» REQUIRED WORK: Each record that follows should be repeated exactly, minus any images.

» SUPPLIED DATA:
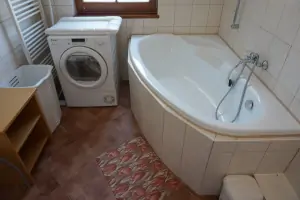 koupelna s rohovou vanou a umyvadlem (pračka na fotografii není k dispozici)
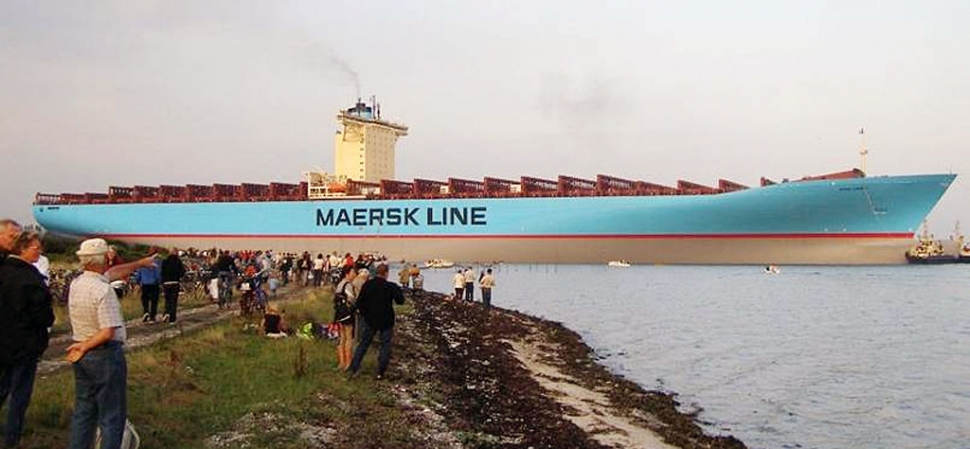 The Emma Maersk ,part of a Danish shipping line, is shown in the photos below. What a ship....no wonder 'Made in  China  ' is displacing North American made goods big time. This monster transports goods across the Pacific in about 5 days!!!

This is how Wal-Mart gets it's stuff from China. 15,000 containers and a 207'deck beam! The crew-size: 13 people on a ship longer than a US aircraft carrier (which has a crew of 5,000). Notice that 207'beam means it cannot fit through the Panama or  Suez Canals.

It is strictly transpacific. Cruise speed: 31 knots.The goods arrive 4 days before the typical container ship (18-20 knots) on a  China -to- California run. So this behemoth is hugely competitive when carrying perishable goods.

The ship was built in five sections. The sections floated together and then welded. The command bridge is higher than a 10-story building and has 11 cargo crane rigs that can operate simultaneously.

Additional info: Country of origin -  Denmark, Length - 1,302 ft, Width - 207 ft, Net cargo - 123,200 tons, Engine - 14 cylinders in-line diesel engine (110,000 BHP), 
Cruise Speed - 31 knots, Cargo capacity - 15,000 TEU (1 TEU = 20 cubic feet), Crew - 13 people!, First Trip - Sept. 08, 2006, Construction cost - US $145,000,000+, Silicone painting applied to the ship bottom reduces water resistance and saves 317,000 gallons of diesel per year.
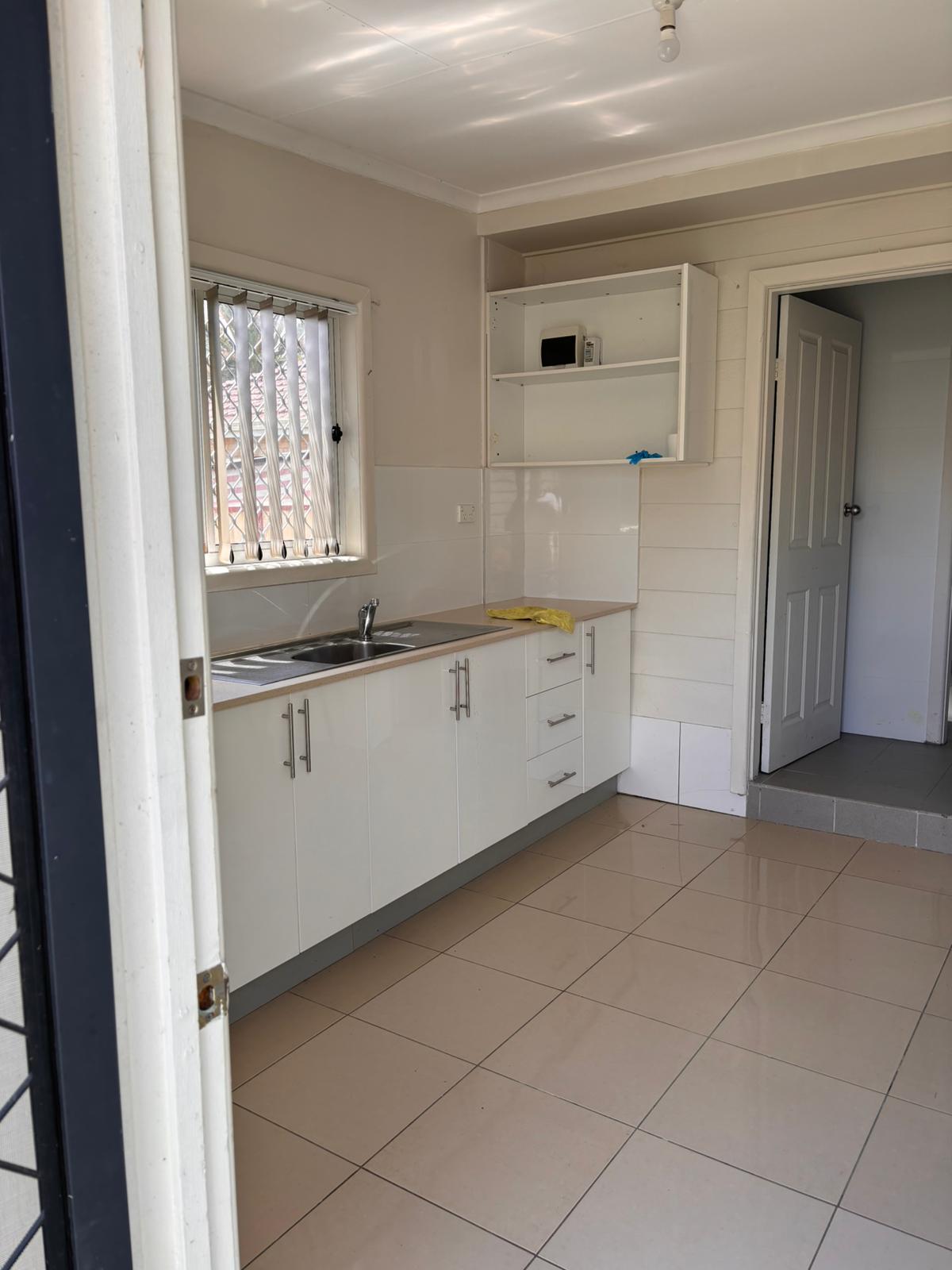 SIL House with 2 Granny Flats – Spacious Living in Condell Park — Home image 9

» TASK RESULT:
 koupelna s rohovou vanou a umyvadlem (pračka na fotografii není k dispozici)
 The Emma Maersk ,part of a Danish shipping line, is shown in the photos below. What a ship....no wonder 'Made in  China  ' is displacing North American made goods big time. This monster transports goods across the Pacific in about 5 days!!!

This is how Wal-Mart gets it's stuff from China. 15,000 containers and a 207'deck beam! The crew-size: 13 people on a ship longer than a US aircraft carrier (which has a crew of 5,000). Notice that 207'beam means it cannot fit through the Panama or  Suez Canals.

It is strictly transpacific. Cruise speed: 31 knots.The goods arrive 4 days before the typical container ship (18-20 knots) on a  China -to- California run. So this behemoth is hugely competitive when carrying perishable goods.

The ship was built in five sections. The sections floated together and then welded. The command bridge is higher than a 10-story building and has 11 cargo crane rigs that can operate simultaneously.

Additional info: Country of origin -  Denmark, Length - 1,302 ft, Width - 207 ft, Net cargo - 123,200 tons, Engine - 14 cylinders in-line diesel engine (110,000 BHP), 
Cruise Speed - 31 knots, Cargo capacity - 15,000 TEU (1 TEU = 20 cubic feet), Crew - 13 people!, First Trip - Sept. 08, 2006, Construction cost - US $145,000,000+, Silicone painting applied to the ship bottom reduces water resistance and saves 317,000 gallons of diesel per year.
 SIL House with 2 Granny Flats – Spacious Living in Condell Park — Home image 9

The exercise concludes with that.